真正捏杀启蒙的是毛泽东和邓小平统治时期。1949年之后至今的六十余年间,是俄系文化独霸中国的时期。当然,俄系文化能取得绝对统治地位,毛泽东是下了一番功夫的。建国之初毛就掀起了一拨又一拨的批判运动,对知识分子进行整肃、洗脑、改造。如:电影《武训传》的批判,知识分子的思想改造运动,《红楼梦》研究批判,胡适反动思想批判,胡风反革命集团的批判等,对知识分子形成围剿之势。俄系文化一方面以大批判开路,逼迫知识分子臣服;另方面在各种媒体,各种文艺作品,和各类教科书中全面登台,无孔不入。俄系文化的主旋律时代开始了。

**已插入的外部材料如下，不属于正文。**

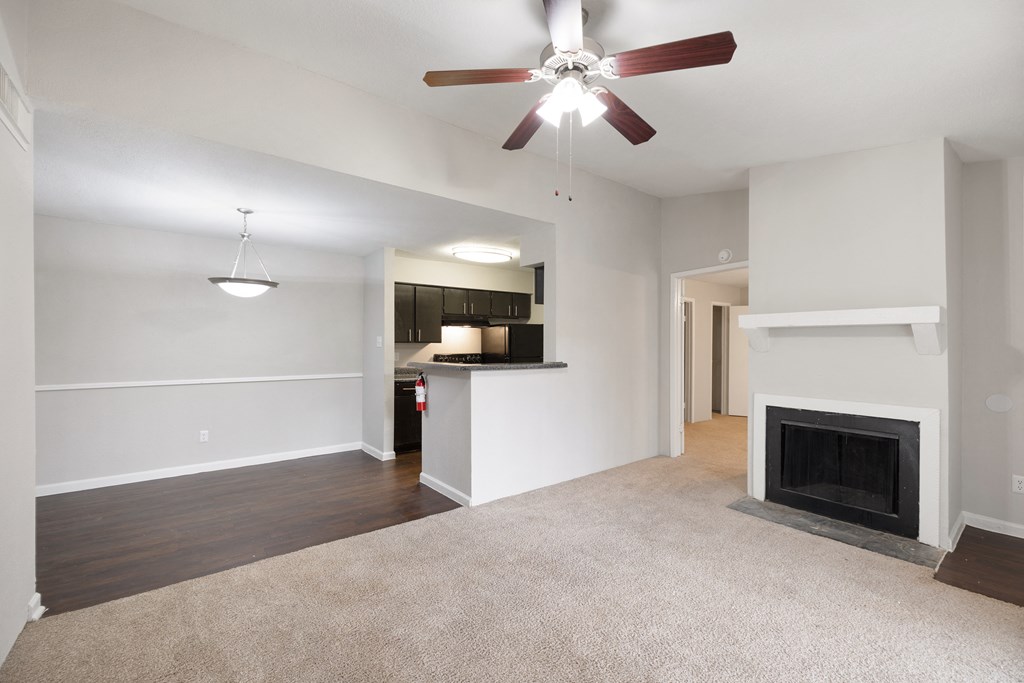 an empty living room with a fireplace and a ceiling fan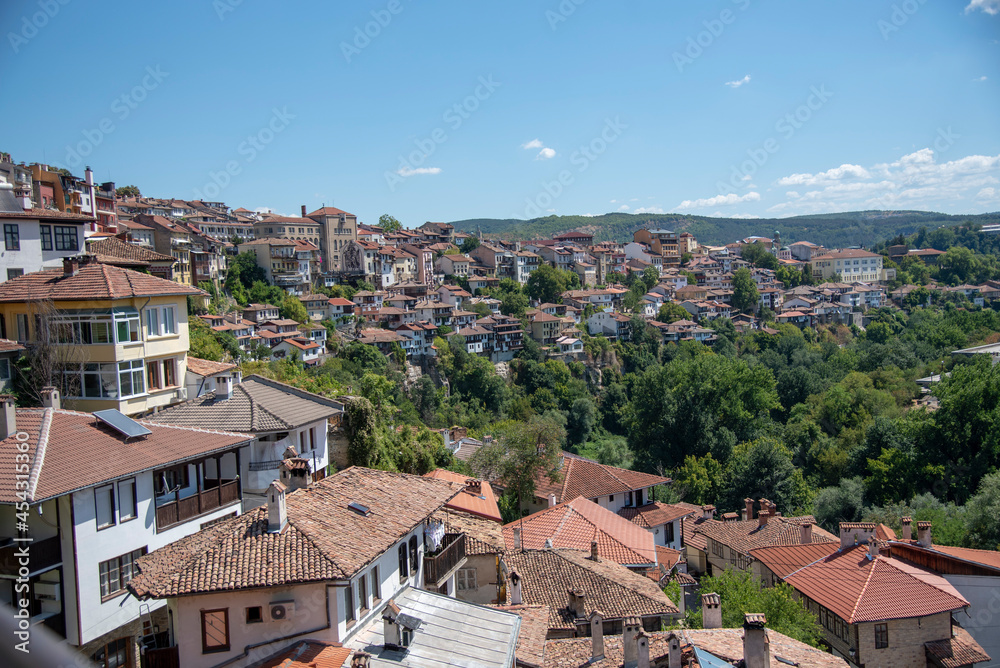 Houses with red tiled roofs , built on a mountain under a bright blue sky.Veliko Tarnovo in a beautiful summer day, Bulgaria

就在毛泽东觉得俄系文化稳可称雄中国的时候,却冒出欧系文化挑战俄系文化的事件。那就是1957年中共开门整风之际,一批知识分子向党发起了“猖狂的进攻”。这批知识分子立即被列为是共产党的敌人的右派分子。右

派有多少呢?1979年官方公布的数字是55万。十多年之后又透露一个数字是:317万余人(还不包括143万余人的中右分子)。这个数字说明什么呢?说明欧系文化在知识阶层中仍有广泛的基础。这使毛泽东慌了。怎么,搞了那么多批判,你们还不归顺啊!因此大张旗鼓地反击右派,将他们打入地狱,严厉惩罚达二十二年之久。其实,庞大的右派队伍中,相当一部分是称不上是右派的。具有一定西方文化底蕴的知识分子,人品正直,忧国忧民,才有资格成为真右派。从当时右派的言论来看,1957年的大鸣大放,可以称之为是一次“小启蒙”。

反右之后不到二十年,欧系文化又一次登台亮相,那就是1976年发生在北京天安门的“四五”运动。矛头直指毛泽东的独裁统治。毛对此也承认。当然,这次运动又一次被镇压下去了。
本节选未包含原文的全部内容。